TRY IT: Taking the data below, please print only the lines from the line holding "Welcome to my" to the line holding "In this example, if", inclusive, with pictures omitted.

─── RECORDS FOR THIS TASK ───

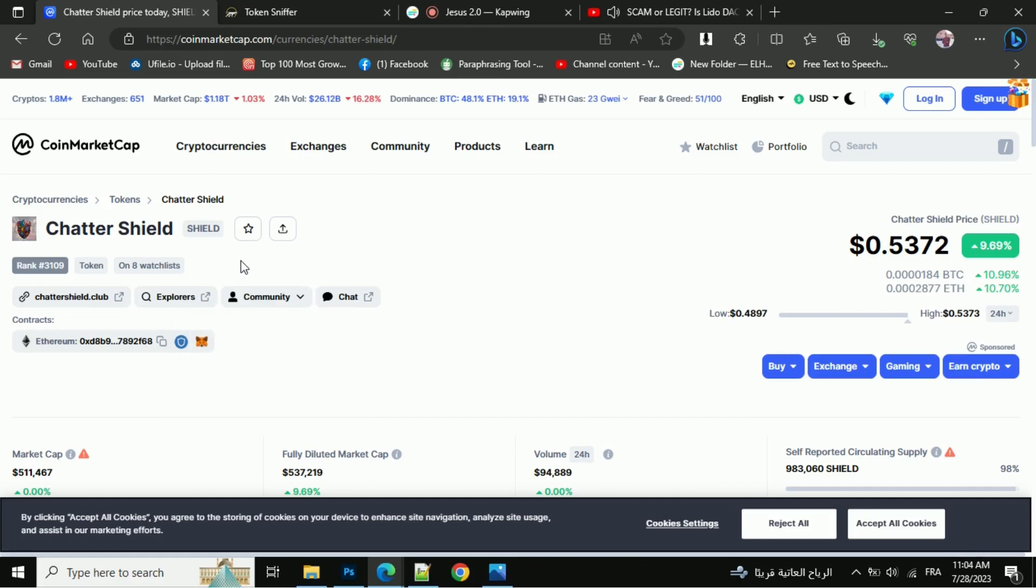In this video, I'm going to tell you if the ChatterShield token is legit or a scam, so watch the video until the end. Don't forget to click the like button. Don't forget subscribing.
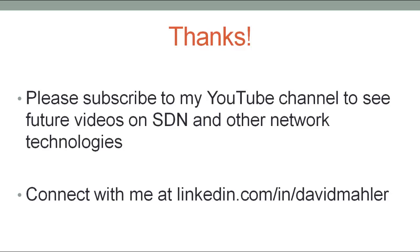That wraps up this video on multiple tables on OpenFlow enabled switches. If you want to see more content like this, please subscribe to my YouTube channel. If you'd like to connect, you can reach me through LinkedIn at www.linkedin.com/in/davidmahler.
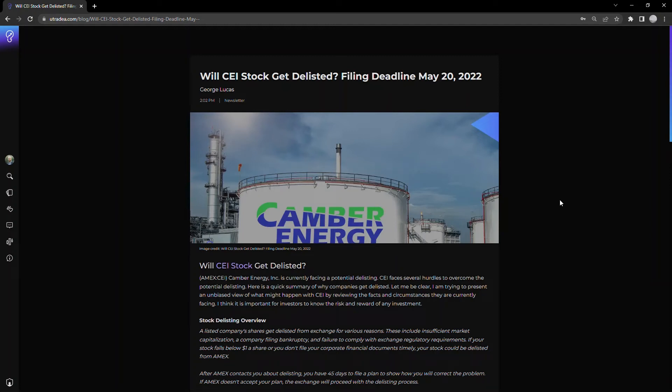Hello everyone, today we're going to be looking at CEI Canberra Energy. The question we're going to answer is: will CEI get delisted? We know the filing deadline is coming up May 20th, 2022.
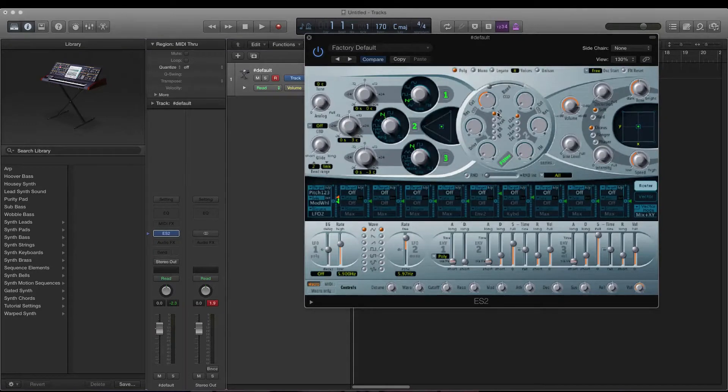Hey guys, I'm Joe and today I'll be looking at how to make a simple wobble bass sound. This is a similar sound to what's used in drum and bass, but a really simple version just to get you started.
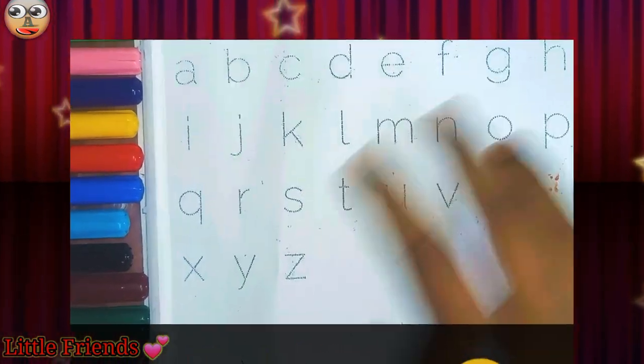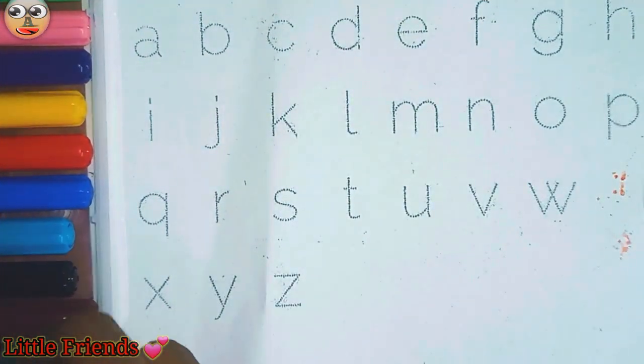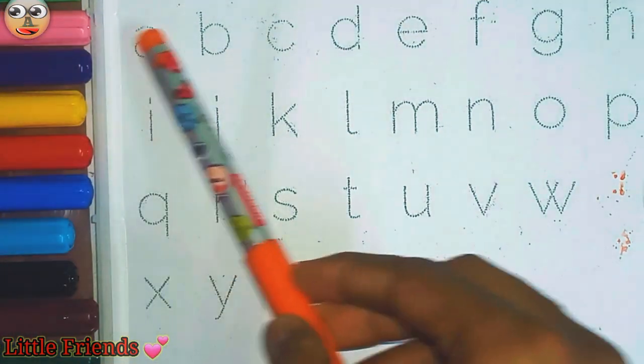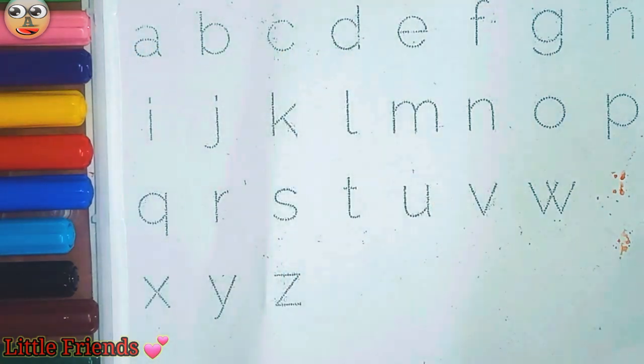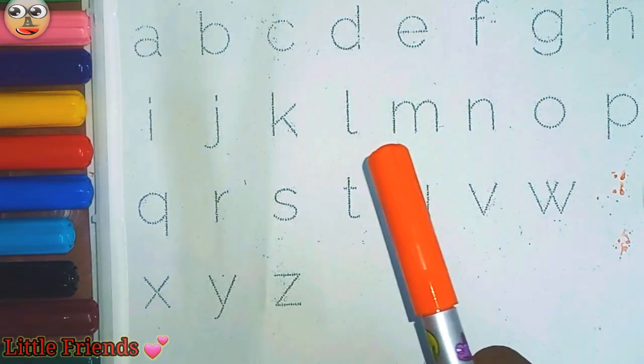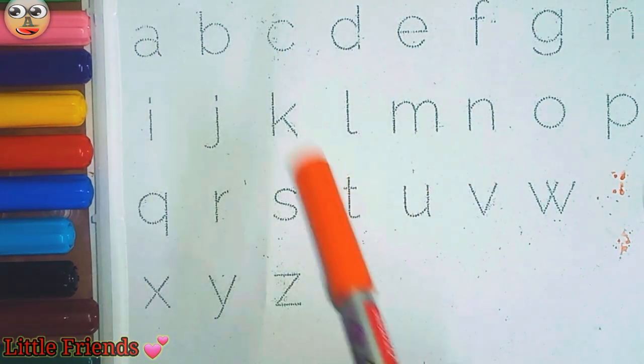Hello kids, today we will learn A, B, C, D. Let's know the color's name.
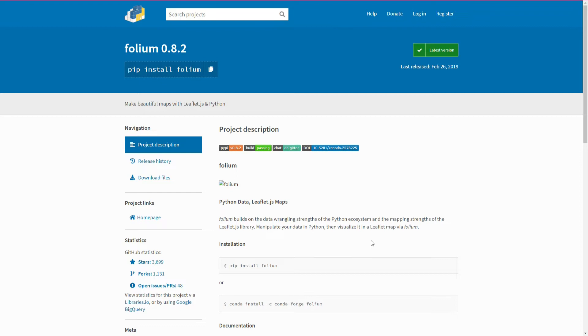Welcome to my video about Python Folium. Folium is a very powerful library which combines the strength Python has with data and the visualization and mapping features of leaflet.js. So you can do a lot of cool stuff with Folium and that's why I want to create a series out of it.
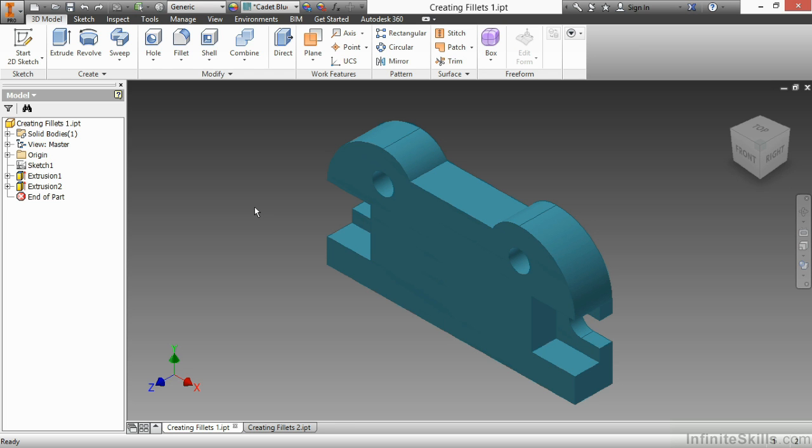In this video, we're going to take a look at how to create fillets inside of Autodesk Inventor.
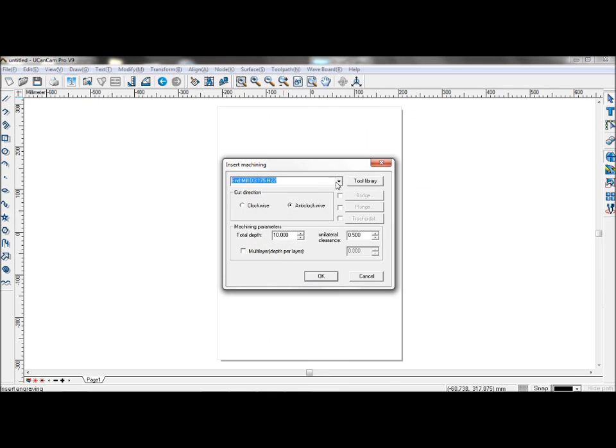Select your tool and set your other parameters. Unilateral clearance is the distance between insert mode and inlay mode.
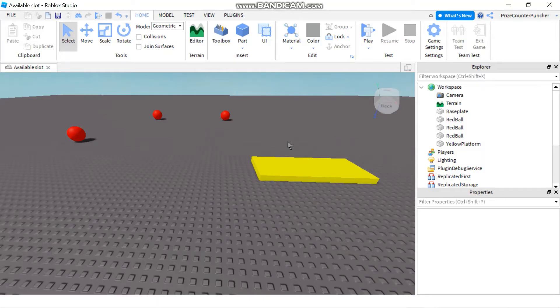Hi there and welcome back to another Priceyp Roblox tutorial. In today's lesson we're going to learn about damage and healing in Roblox.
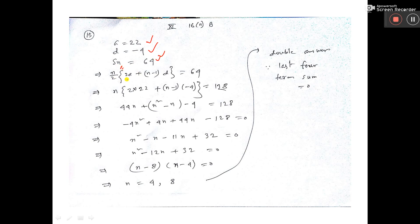The formula is n by 2 into 2a plus n minus 1 into d. From here, you will get the value of n is equal to 4 and n is equal to 8.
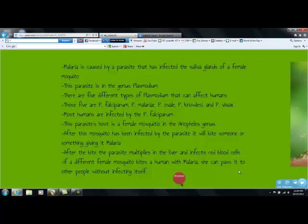There are five different types of Plasmodium that can affect humans. Those five are P. falciparum, P. malariae, P. ovale, P. knowlesi, and P. vivax.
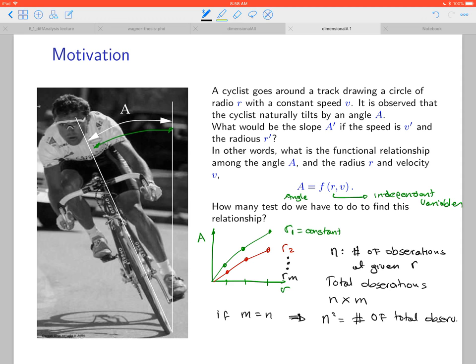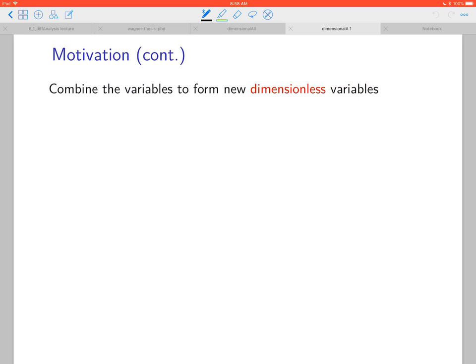In this example, if we choose n equal to 10, then 10 squared equals 100. The cyclist must do not just 100 turns but 100 very carefully controlled turns. Depending on the radius, that takes considerable time — certainly not just a couple of minutes. So how can we reduce the number of variables to perform fewer tests?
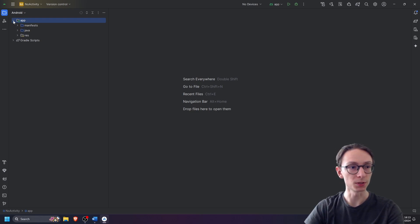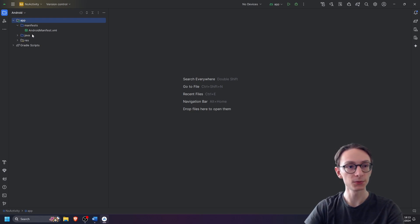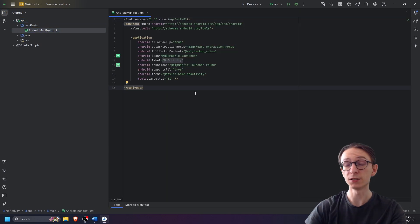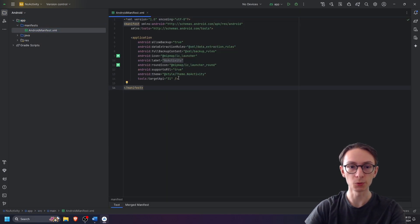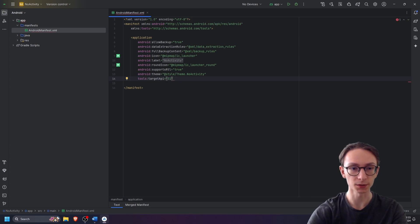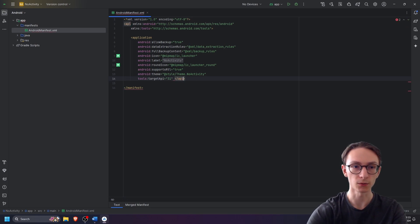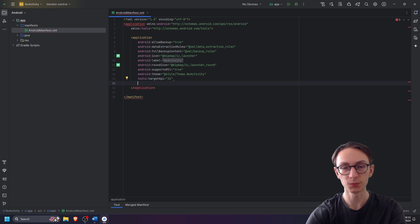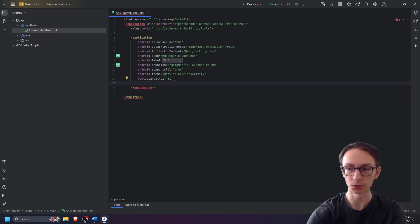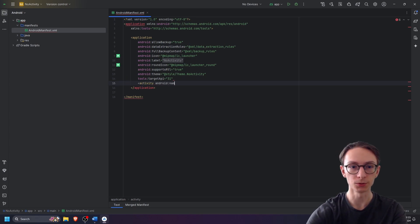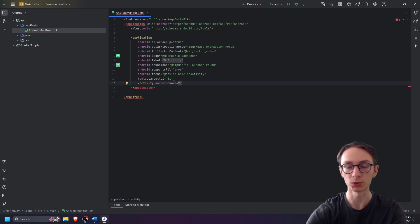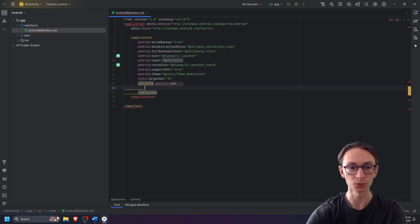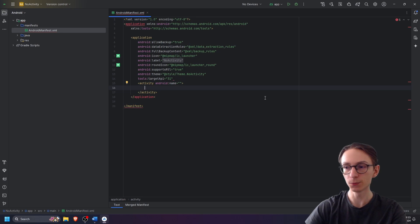Next we will open our app folder, our manifests folder, and go into android manifest.xml. In Android manifest the first thing we will have to do is replace this closing bracket with a full closing application tag, and then just before it we're going to add an empty activity for now. Activity android name equals to empty quotation marks because we will not be giving it a name at the moment, and then we can close it off.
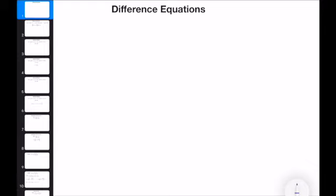Hello, everybody. In this video, I will briefly cover difference equations and how we can find a numerical solution for a given difference equation format.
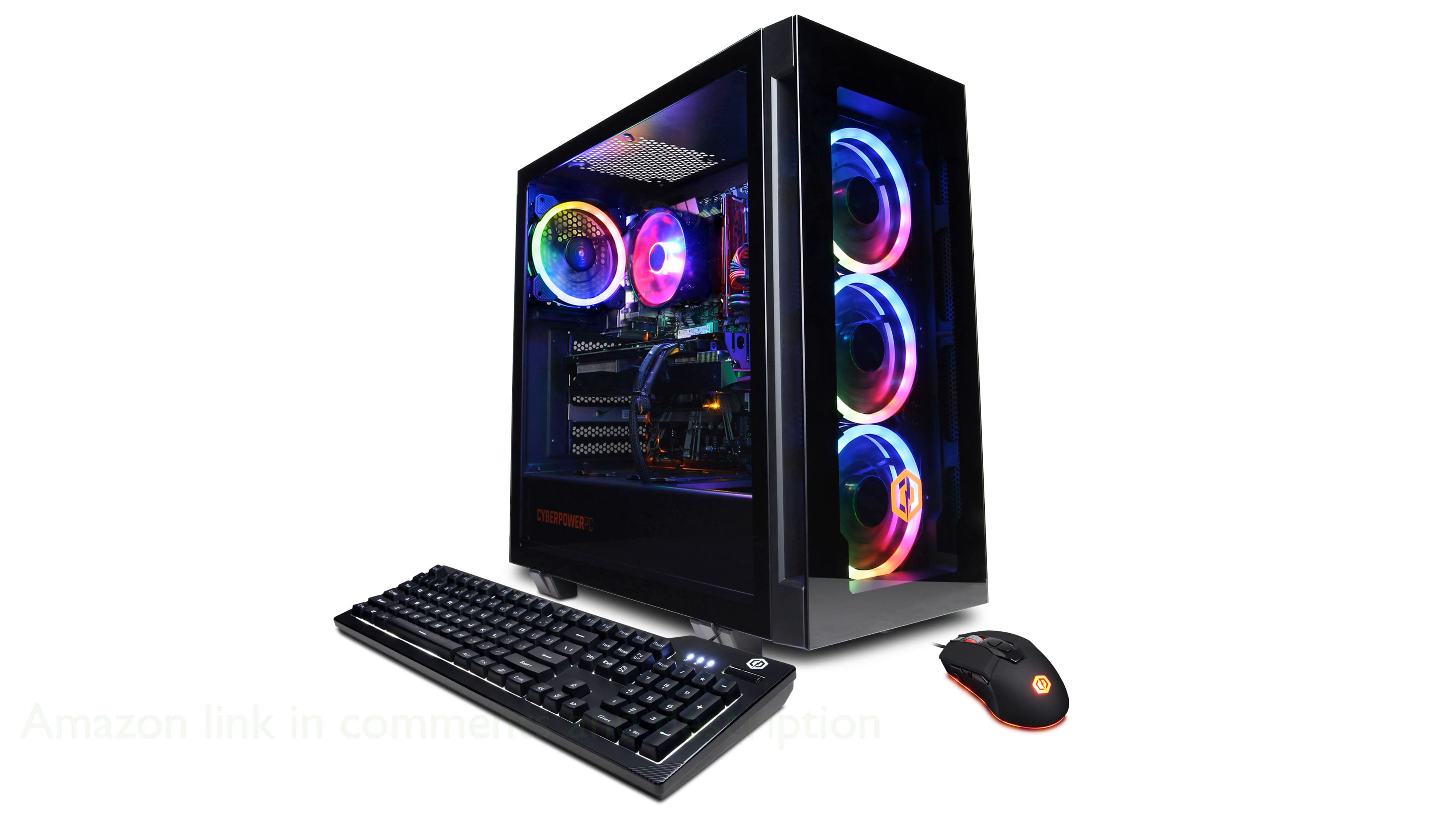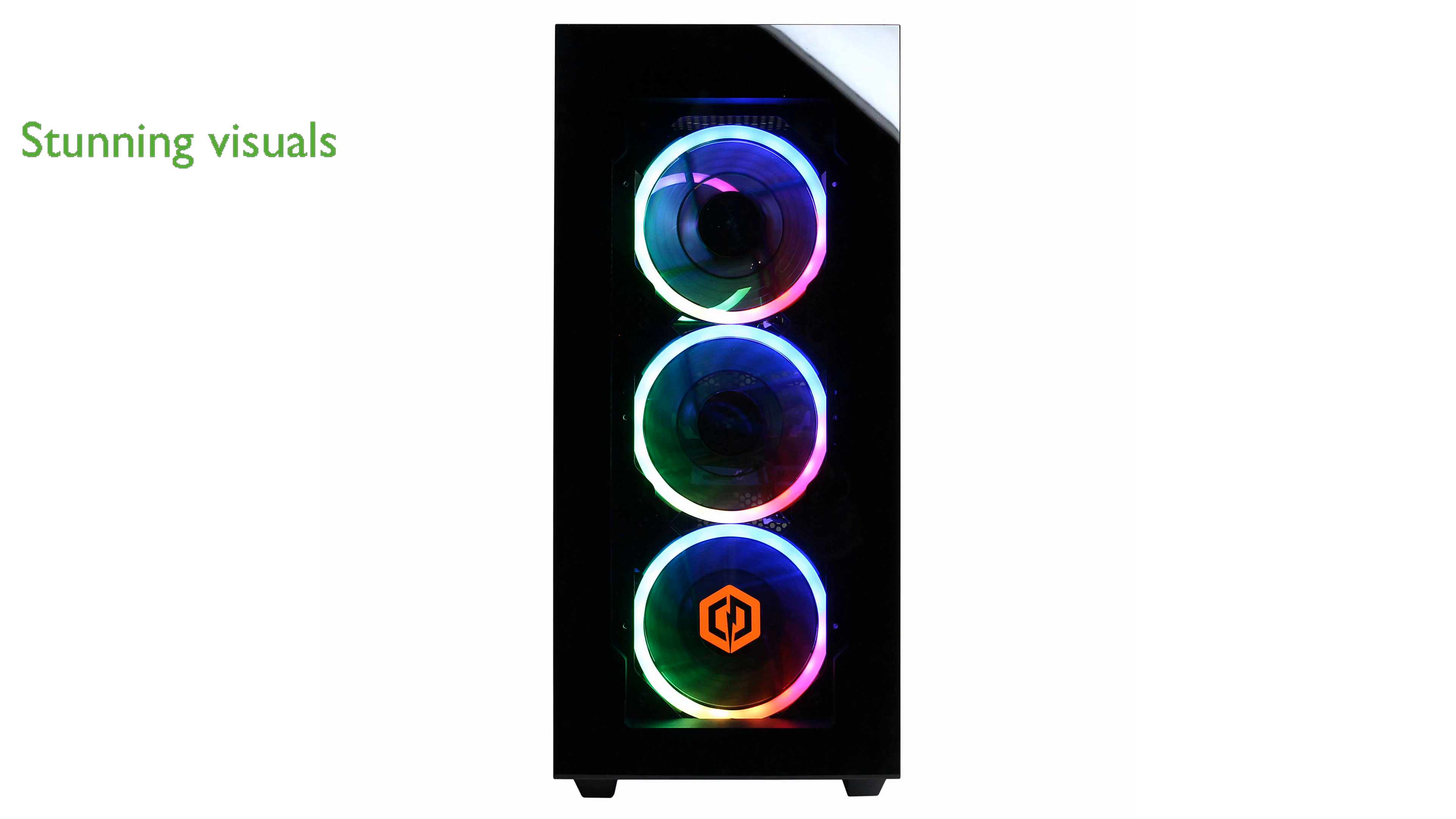Equipped with the NVIDIA GeForce RTX 4060 8GB graphics card, this gaming rig delivers stunning visuals and high frame rates, making it perfect for the latest PC games.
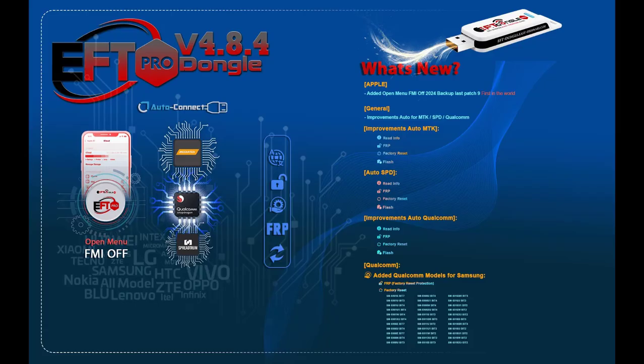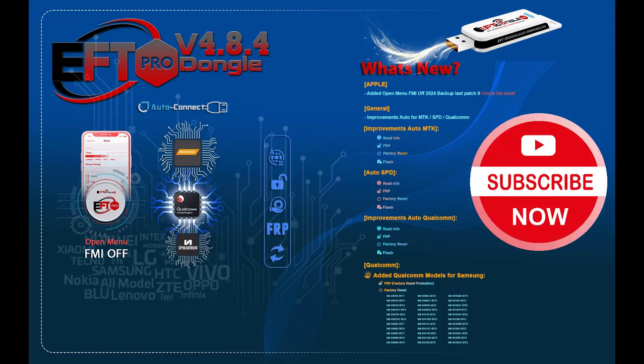SM-S906E Bit7, SM-S906U Bit3, SM-S906U Bit4, SM-S908E Bit7, SM-S908N Bit4, SM-S908U Bit3, SM-S908U Bit4, SM-S908U-1 Bit4, SM-S908W Bit4.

───

YOUR RESPONSE:
Welcome to my video about Python Folium. Folium is a very powerful library which combines the strength Python has with data and the visualization and mapping features of leaflet.js. So you can do a lot of cool stuff with Folium and that's why I want to create a series out of it.
In this video, we're going to take a look at how to create fillets inside of Autodesk Inventor.
Select your tool and set your other parameters. Unilateral clearance is the distance between insert mode and inlay mode.
Hi there and welcome back to another Priceyp Roblox tutorial. In today's lesson we're going to learn about damage and healing in Roblox.
The formula is n by 2 into 2a plus n minus 1 into d. From here, you will get the value of n is equal to 4 and n is equal to 8.
There are five different types of Plasmodium that can affect humans. Those five are P. falciparum, P. malariae, P. ovale, P. knowlesi, and P. vivax.
In this example, if we choose n equal to 10, then 10 squared equals 100. The cyclist must do not just 100 turns but 100 very carefully controlled turns. Depending on the radius, that takes considerable time — certainly not just a couple of minutes. So how can we reduce the number of variables to perform fewer tests?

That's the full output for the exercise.